Task goal
The full listing, excluding its pictures, should be printed exactly as it stands.

The input
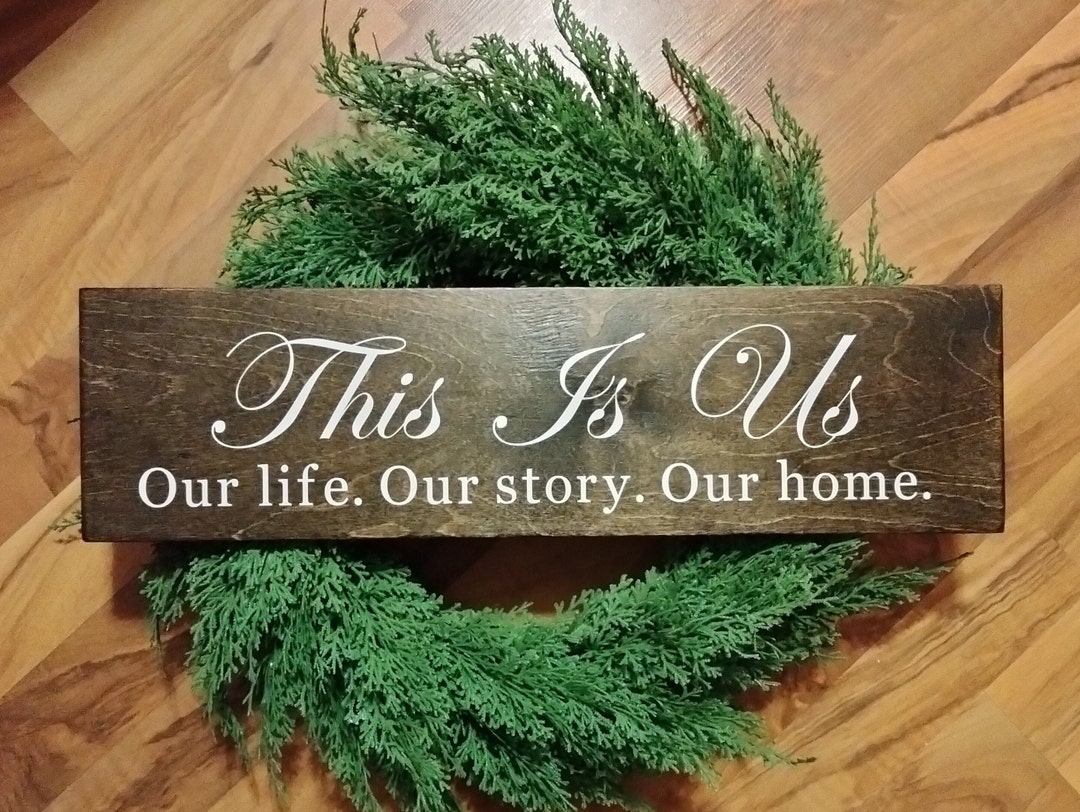 This is Us | Family Sign | Home Decor | Wedding Gift - Etsy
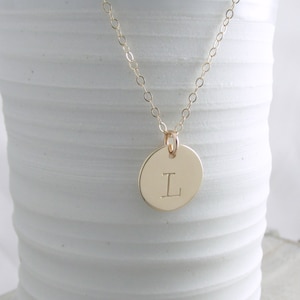Initial Pendant Necklace 14k Gold Necklace Personalized Jewelry Initial Jewelry Letter Charm Gold Letter Necklace Gold Charm Gift For Her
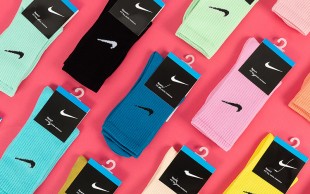 جوراب ساق بلند طرح Nike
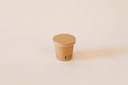 Dressingbecher Ø62mm/100ml mit Deckel Pappe / braun / 2000 Stk.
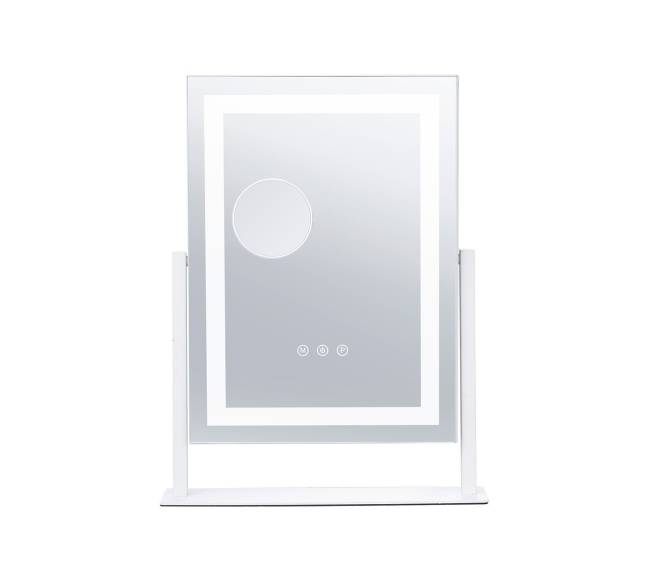 Apšviestas makiažo veidrodis su didinimu8
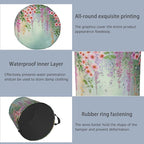 Colorful Flowers Laundry Basket, Foldable - Image 5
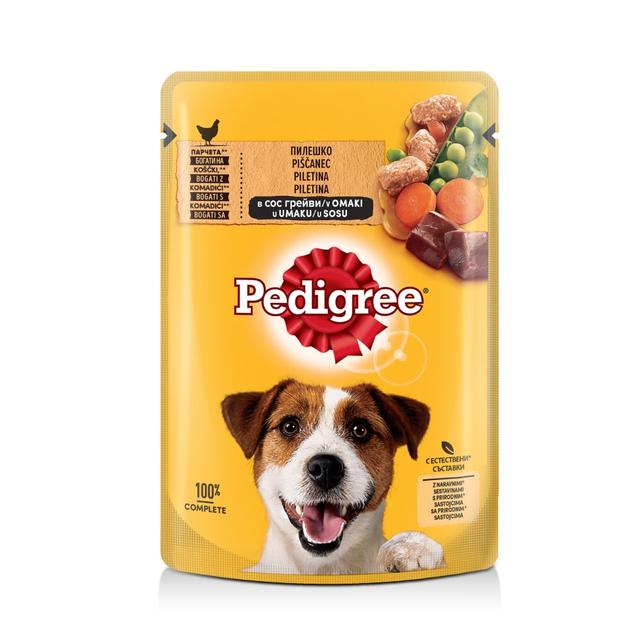 PEDIGREE Adult Piletina i Povrće 100g Hrana za pse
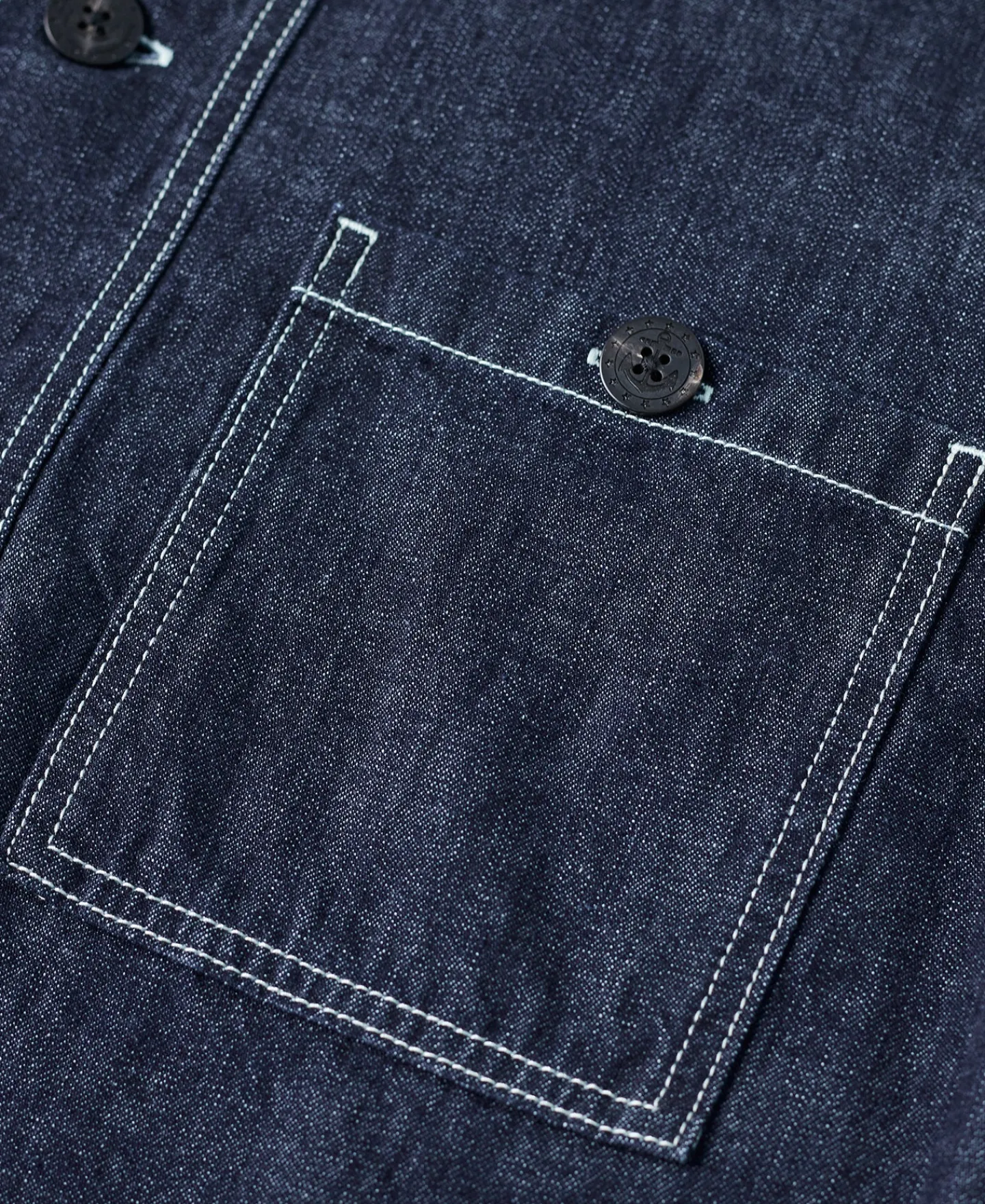 Fashion 1940s USN Denim Deck Smock - Indigo Jackets&coats | Denim Jackets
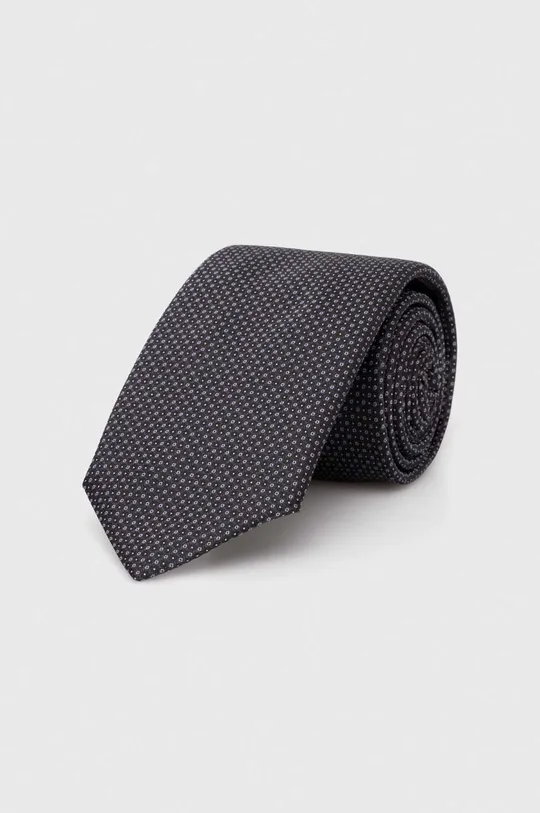 чёрный Шелковый галстук BOSS Мужской
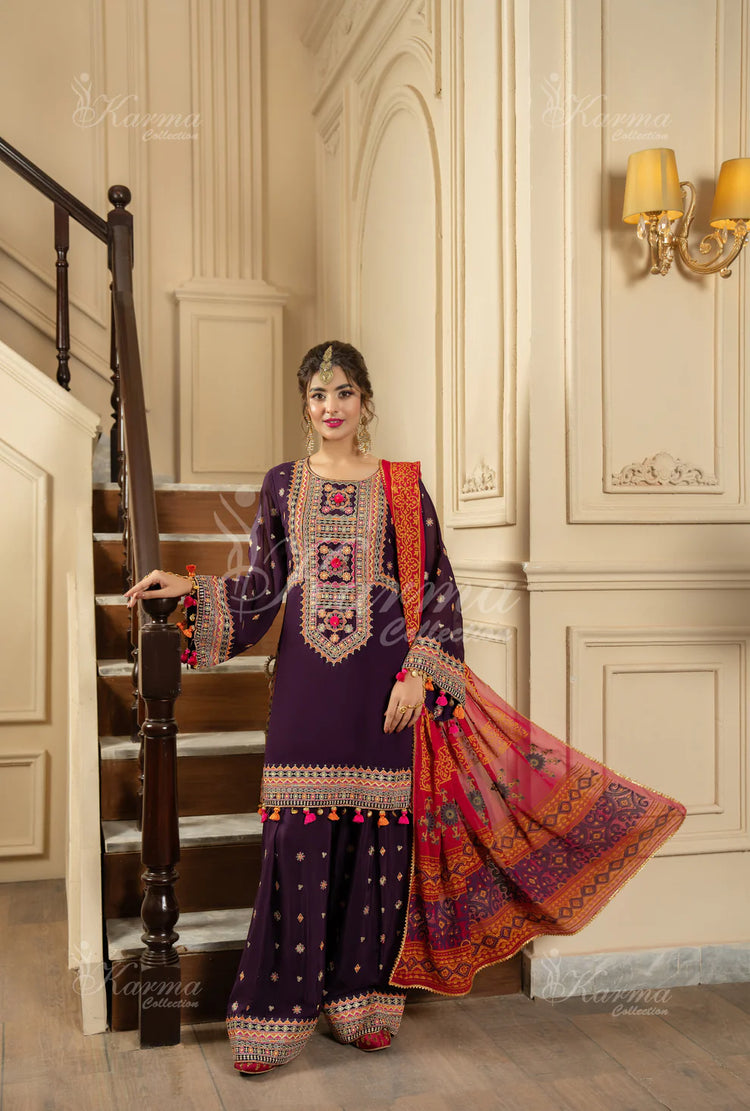 ROOHI KARMA- Plum Purple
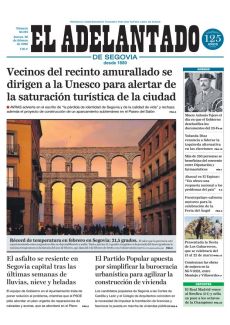 RÉCORD DE TEMPERATURA EN FEBRERO EN SEGOVIA: 21,5 GRADOS.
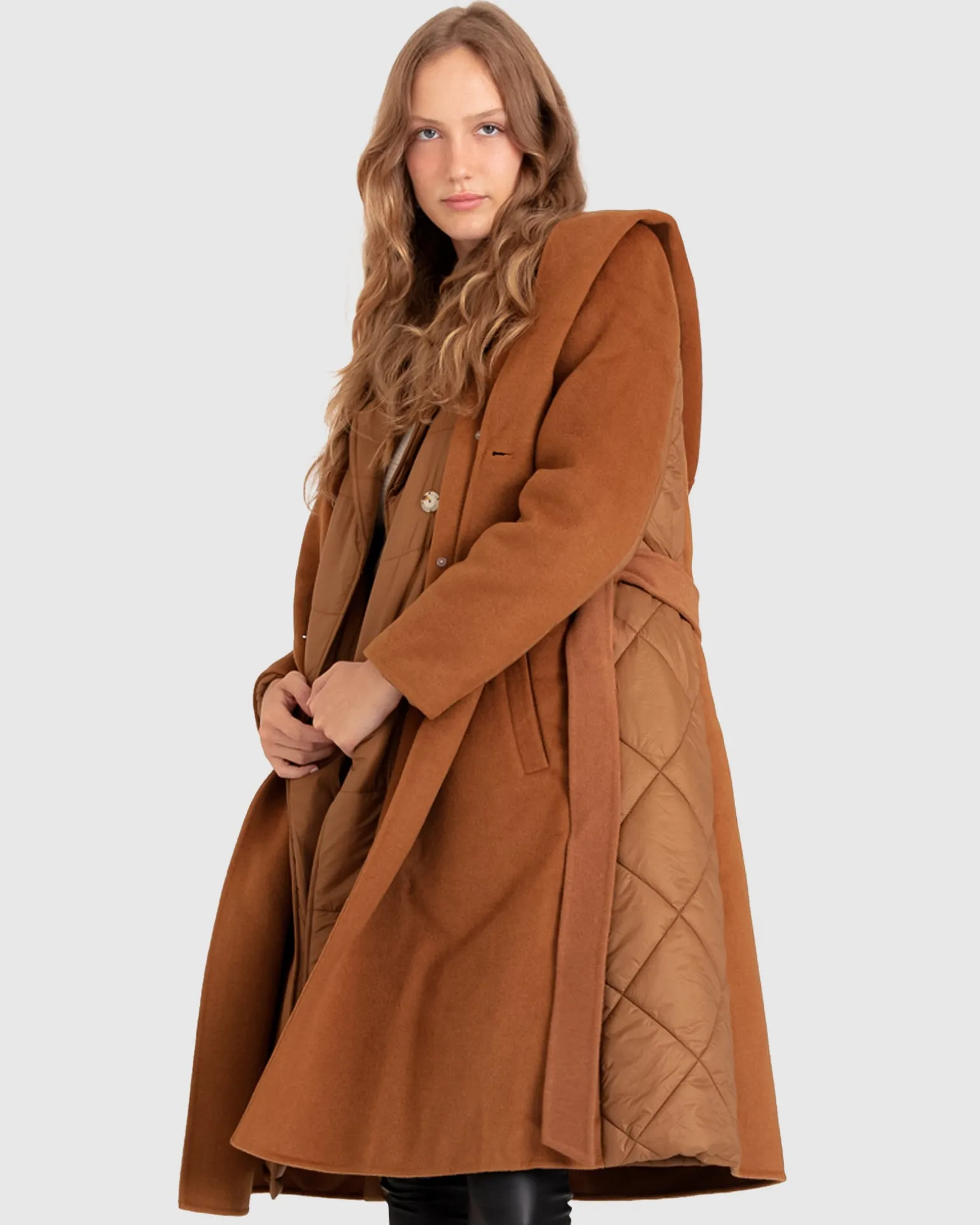 Belle & Bloom Wool Coats | Wool Coats>Walk Me Home Convertible Coat -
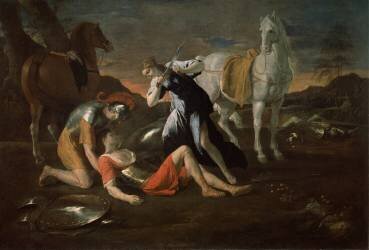 Tancred et Erminia (Nicolas Poussin) - Muzeo.com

Exercise result
 This is Us | Family Sign | Home Decor | Wedding Gift - Etsy
Initial Pendant Necklace 14k Gold Necklace Personalized Jewelry Initial Jewelry Letter Charm Gold Letter Necklace Gold Charm Gift For Her
 جوراب ساق بلند طرح Nike
 Dressingbecher Ø62mm/100ml mit Deckel Pappe / braun / 2000 Stk.
 Apšviestas makiažo veidrodis su didinimu8
 Colorful Flowers Laundry Basket, Foldable - Image 5
 PEDIGREE Adult Piletina i Povrće 100g Hrana za pse
 Fashion 1940s USN Denim Deck Smock - Indigo Jackets&coats | Denim Jackets
 чёрный Шелковый галстук BOSS Мужской
 ROOHI KARMA- Plum Purple
 RÉCORD DE TEMPERATURA EN FEBRERO EN SEGOVIA: 21,5 GRADOS.
 Belle & Bloom Wool Coats | Wool Coats>Walk Me Home Convertible Coat -
 Tancred et Erminia (Nicolas Poussin) - Muzeo.com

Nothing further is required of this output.